Tabel 7 Sifat kimia media tanam

No Parameter sifat tanah yang diukur Nilai Kriteria*

1. pH H20 6,60 Netral

2. C Walkley & Black (%) 1,38 Rendah

3 N Kjedah (%) 0,11 Rendah 4. C/N 13,00 Sedang 5. P2O5 HCl 25% (mg/100 g) 140,00 Tinggi 6 P2O5 (Olsen) (ppm) 110,00 Tinggi 7. K2O HCl 25% (mg/100 g) 22,00 Sedang 8. Ca dd (cmol/Kg) 7,97 Sedang 9. Mg dd (cmol/Kg) 2,08 Tinggi 10. K dd (cmol/Kg) 0,42 Sedang 11. Na dd (cmol/Kg) 0,44 Sedang 12. KTK (cmol/Kg) 7,05 Rendah 13. Al dd (cmol/Kg) 0,00 Rendah

*Berdasarkan Staf PPT 1983 (Hardjowigeno 2007)

Inokulum dalam bentuk spora diperoleh dari sporokarp segar fungi EcM. Spora dipisahkan dari peridium, dikeringanginkan pada suhu kamar (30oC) selama 24 jam, kemudian dihancurkan dan disimpan pada refrigerator pada suhu 5oC selama 1 (satu) bulan sebelum digunakan. Inokulum disiapkan dengan cara mensuspensikan 1 g spora dalam 1000 ml air yang diberi 0,25 ml surfaktan (tween 80) dengan menggunakan magnetic stirrer (Brundrett et al. 2005). Sebanyak 25 ml suspensi spora per tanaman diinjeksikan ke dalam 3 (tiga) lubang yang dibuat merata pada perakaran anakan merbau yang ditanam dalam polibag. Dalam 25 ml suspensi tersebut terdapat ± 2,43x109 spora. Inokulasi dilakukan pada awal

percobaan dan diulang kembali pada saat anakan merbau berumur 3 minggu dan 2 bulan.

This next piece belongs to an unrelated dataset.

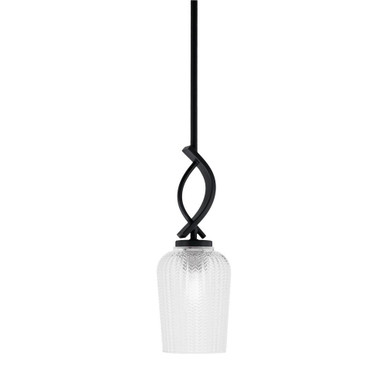 Cavella 1 Light Textured Glass Mini Pendant 14 Inch Tall by Toltec - 3901-MB-4250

Percobaan untuk melihat pembentukan mikoriza (mycorrhization) dilakukan melalui percobaan terkontrol dengan menggunakan kontainer kaca berukuran 12 x 20 x 20 cm. Anakan merbau yang digunakan dalam percobaan ini merupakan anakan berumur 2 minggu hasil perkecambahan dengan menggunakan media pasir steril. Sebelum ditanam dalam kontainer kaca, anakan disterilisasi terlebih dahulu akarnya dengan fungisida, kemudian dicuci beberapa kali dengan air akuades. Media tanam berupa campuran pasir 2 kg dan kompos komersial 50 g yang telah disterilisasi. Inokulasi menggunakan inokulum dalam bentuk miselium maupun spora dilakukan saat tanam dan diulang pada minggu ketiga dan ke delapan setelah tanam. Kontainer selanjutnya dibungkus dengan plastik hitam untuk menghalangi masuknya cahaya agar sesuai bagi kondisi pertumbuhan akar dan untuk mendorong terjadinya kolonisasi. Penyiraman dilakukan dengan menggunakan air akuades.

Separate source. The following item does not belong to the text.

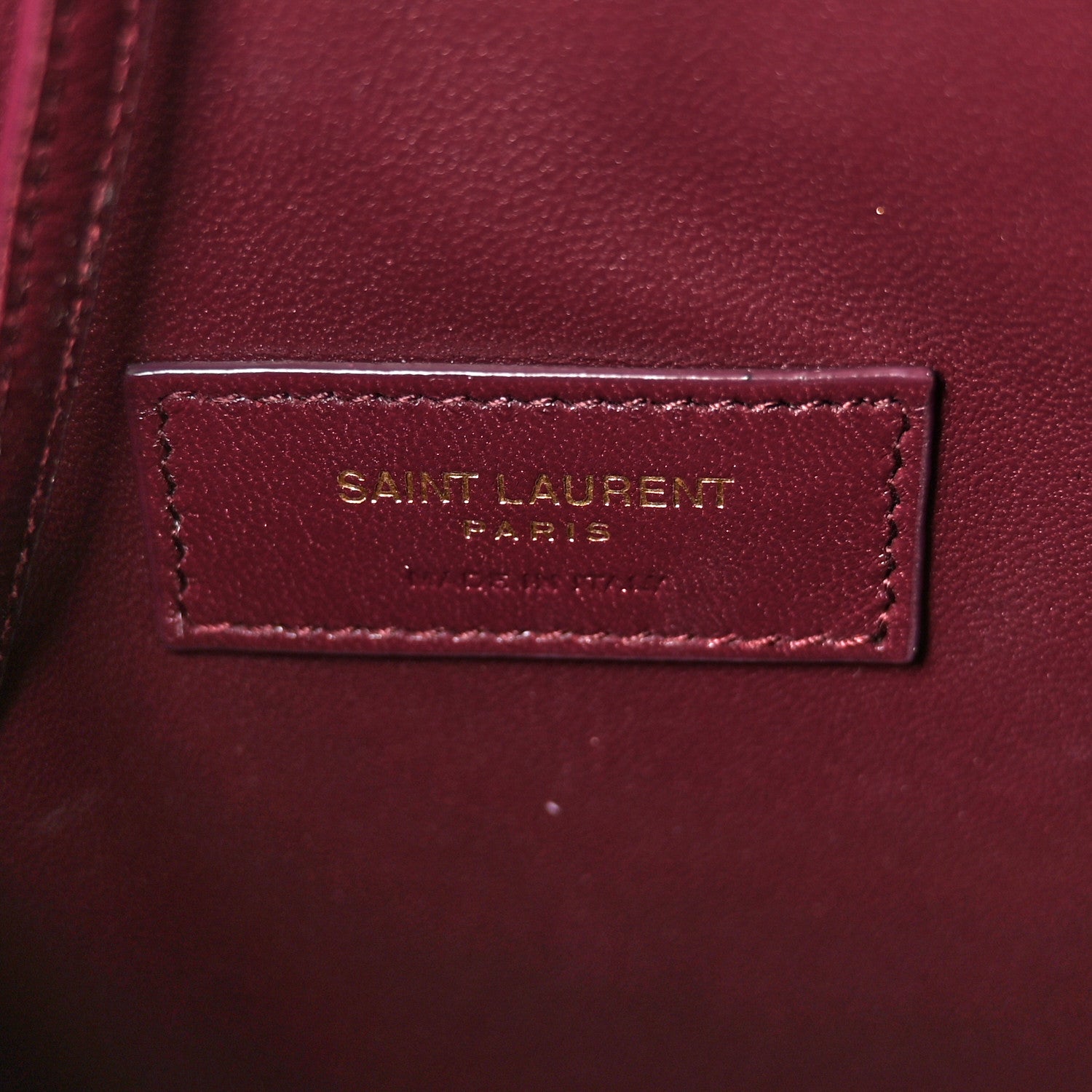Saint Laurent Patent Calfskin Rendez-Vous Hobo Dark Red Wine 7 of 12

Pengamatan dan Analisis Data.

Pada 12 bulan setelah tanam dilakukan pemeriksaan ujung akar bermikoriza meliputi morfotipe EcM, dan pengukuran riap tinggi (T), riap diameter (D), persentase tanaman terinfeksi (I), persentase ujung akar bermikoriza/kolonisasi (K), berat kering pucuk (BKP) dan akar tanaman (BKA), dan kandungan N dan P pada biomassa anakan merbau. Sedangkan perkembangan mikoriza diamati secara periodik dari percobaan terkontrol pada kontainer kaca.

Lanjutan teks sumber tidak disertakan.